This is a story (1). Ten years ago, after a series of medical exams, oscillating between doctors and specialists, I was diagnosed with juvenile myoclonic epilepsy (JME), a type of genetic, generalized epilepsy that is frequently diagnosed in adolescents resulting in seizures most commonly observed soon after waking up or before sleep. Upon learning about my chronic condition, I realized that it would require lifelong medication and a complete shift in my lifestyle. At the time, I didn’t fully comprehend what my diagnosis entailed or have the foresight to recognize the extent to which it would impact my life.
For as long as I can remember, I have consciously, deliberately, and carefully covered my diagnosis. I would minimize myself and shapeshift in conversations and spaces that required me to disclose. For instance, every time friends requested that I stay up late, I would vaguely allude to my rigid sleep schedule, never fully admitting that all parts of my life had been curated around and by my chronic condition. I hadn’t realized the extent to which my life was engulfed by the looming presence of my chronic condition until I spoke to someone who was also diagnosed with the same condition. A few months back, my boss had mentioned that her friend’s daughter, Stephanie (2), had recently been diagnosed with the same condition, and was looking to speak with young individuals navigating life with chronic illnesses.

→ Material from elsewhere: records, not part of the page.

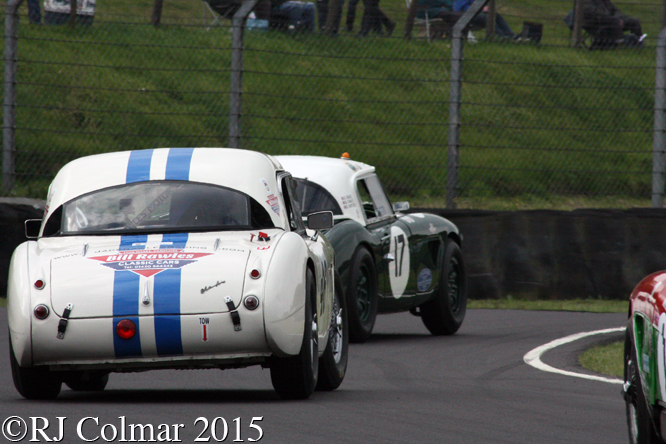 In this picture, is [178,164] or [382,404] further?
[178,164]

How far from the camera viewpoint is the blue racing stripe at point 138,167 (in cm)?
702

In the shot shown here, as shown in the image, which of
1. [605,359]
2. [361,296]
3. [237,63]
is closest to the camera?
[605,359]

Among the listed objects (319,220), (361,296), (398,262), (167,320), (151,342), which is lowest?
(361,296)

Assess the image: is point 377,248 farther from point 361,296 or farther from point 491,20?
point 491,20

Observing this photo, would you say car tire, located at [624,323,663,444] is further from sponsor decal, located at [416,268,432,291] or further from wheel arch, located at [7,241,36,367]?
sponsor decal, located at [416,268,432,291]

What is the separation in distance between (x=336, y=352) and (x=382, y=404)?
42.6 inches

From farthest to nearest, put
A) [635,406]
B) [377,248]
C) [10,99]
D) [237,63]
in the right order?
[237,63], [10,99], [377,248], [635,406]

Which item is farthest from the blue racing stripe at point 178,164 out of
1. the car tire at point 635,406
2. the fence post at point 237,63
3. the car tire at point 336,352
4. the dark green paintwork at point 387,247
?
the fence post at point 237,63

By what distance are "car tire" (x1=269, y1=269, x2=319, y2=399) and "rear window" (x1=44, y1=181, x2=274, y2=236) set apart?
1.96 ft

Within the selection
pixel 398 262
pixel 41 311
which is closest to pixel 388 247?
pixel 398 262

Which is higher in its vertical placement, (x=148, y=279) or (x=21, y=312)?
(x=148, y=279)

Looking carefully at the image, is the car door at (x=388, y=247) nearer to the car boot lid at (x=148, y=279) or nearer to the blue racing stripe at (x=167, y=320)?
the car boot lid at (x=148, y=279)

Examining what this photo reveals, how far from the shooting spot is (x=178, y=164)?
281 inches

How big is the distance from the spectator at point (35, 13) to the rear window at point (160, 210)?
10.5 m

A week later, Stephanie and I chatted over the phone for a few hours, discussing the granular details of our diagnoses, medications, long–term side effects, and lifestyles. I recall sharing how I have spent the last ten years trying and testing myriad different methods and establishing a routine that is deeply attuned to the reality of living with a chronic condition. As I shared my carefully curated routine, I recall being struck by the extent to which my chronic condition had permeated every part of my life and the sense of vigilance that I had developed to carefully mask, cover, and downplay it. In many ways, I admired Stephanie’s transparency and courage to openly connect with others living with the same condition. My conversation with Stephanie was a moment of profound reckoning with the loss and learning that reside in the quiet and sustained presence of a chronic condition. It suddenly occurred to me that in 10 years of my diagnosis, I hadn’t discussed my condition or its impact with anyone beyond a close circle composed of my parents, siblings, and doctors.

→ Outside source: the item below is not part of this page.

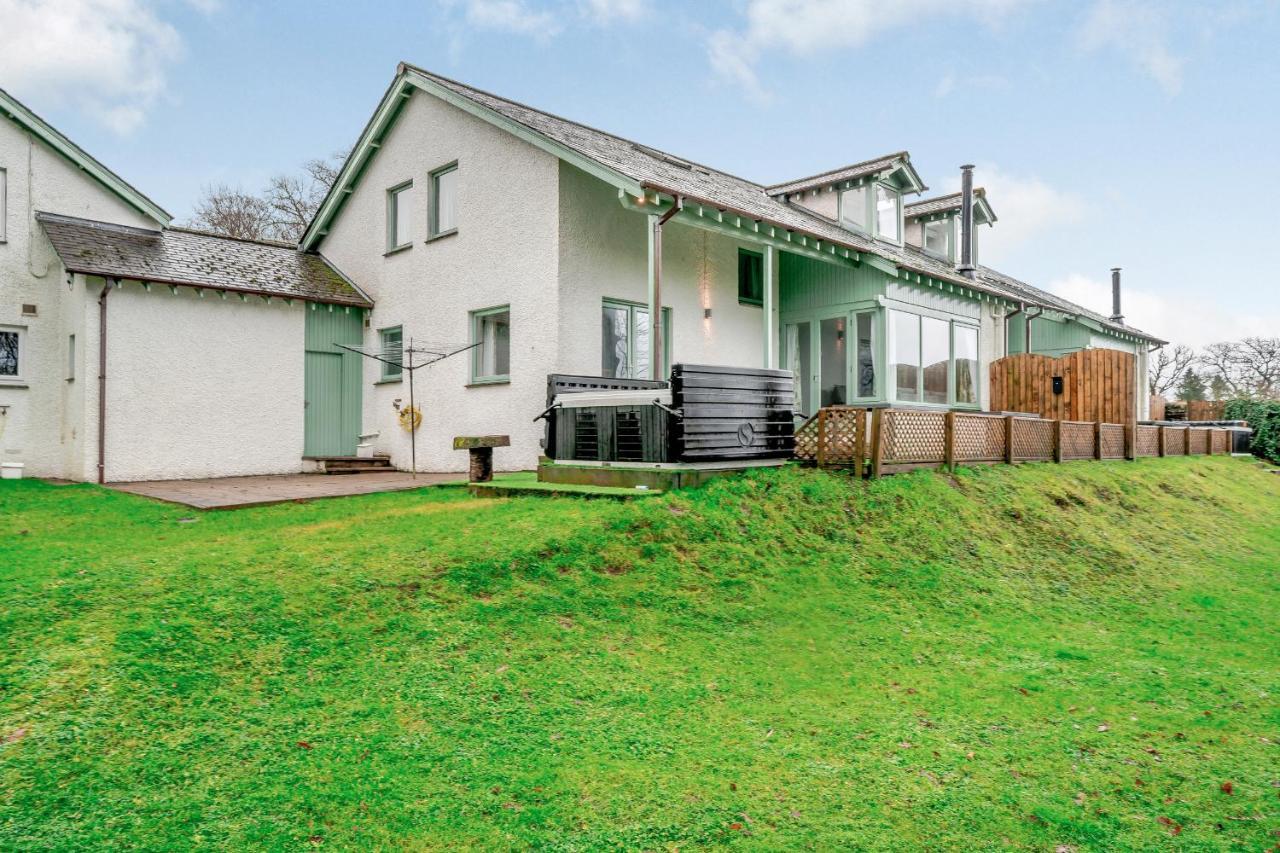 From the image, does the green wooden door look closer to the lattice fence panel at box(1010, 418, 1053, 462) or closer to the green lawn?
the green lawn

I’ve spent the last few years trying to more deeply and closely understand what exactly it means to live with a chronic condition. For the longest time, I felt that I wasn’t worthy of care, that I needed to do something or be someone to care for myself. More than anything, I felt pressured to prove to myself that I could live a full life despite a chronic condition. But, the reality is that I was always living with and alongside a chronic condition, not despite it. The last decade has been punctuated by numerous health scares, medical exams, and a plethora of re-adjusted medical prescriptions. This has taught me that living with a chronic condition demands self-compassion, empathy, and a serious commitment to building a relationship with ourselves by centering care and self–compassion. We owe it to ourselves to care for ourselves in meaningful, consistent, and empathetic ways. At its core, living with a chronic condition has demanded that I extend the same care and compassion that we so often and so easily extend to others to myself.

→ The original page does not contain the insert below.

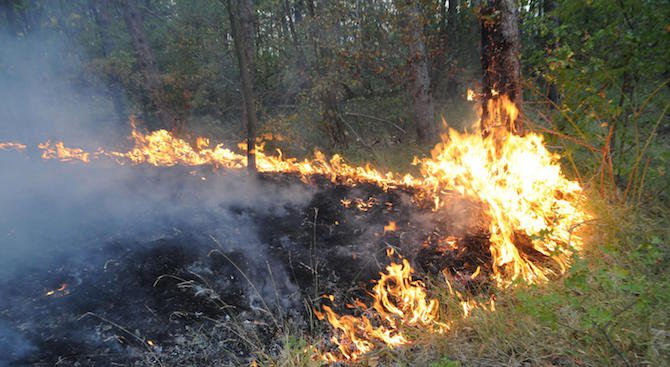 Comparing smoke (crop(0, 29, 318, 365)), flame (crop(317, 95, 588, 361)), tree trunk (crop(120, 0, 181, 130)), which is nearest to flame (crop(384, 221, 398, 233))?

In many ways, we tend to think of care in relational opposition to struggle, refusal, neglect, harm, violence, and disinterest. My journey with a chronic condition has taught me that care and struggle are not simply opposites, but rather they are deeply interconnected. Care is not just a response to struggle but rather a long, arduous, perpetually evolving, and demanding struggle for self-compassion and kindness. By extending kindness to myself, I am not only recognizing my full humanity but also giving myself permission to be a full, complex, messy, and imperfect human. Ultimately, caring deeply and profoundly for ourselves and each other is what makes us human.
I’ve spent far too long carefully protecting these stories—downplaying and covering them, not drawing attention to them. I have now realized that perhaps it is time to share these stories, not because I have magically mustered the courage within me, but rather in the hopes that by doing so, I may provide the assurance and affirmation that I so desperately yearned and searched for since the time of my diagnosis. Sometimes stories are meant to be shared. This is my story, and I thank you for reading it with a gentle heart!
- By using these words, I am invoking Indigenous rhetorician, Malea Powell, and my mentor, Marilee Brooks-Gillies, both of whom have taught me the value and importance of stories.
- This is a pseudonym to protect the identities and privacy of individuals referenced in this story.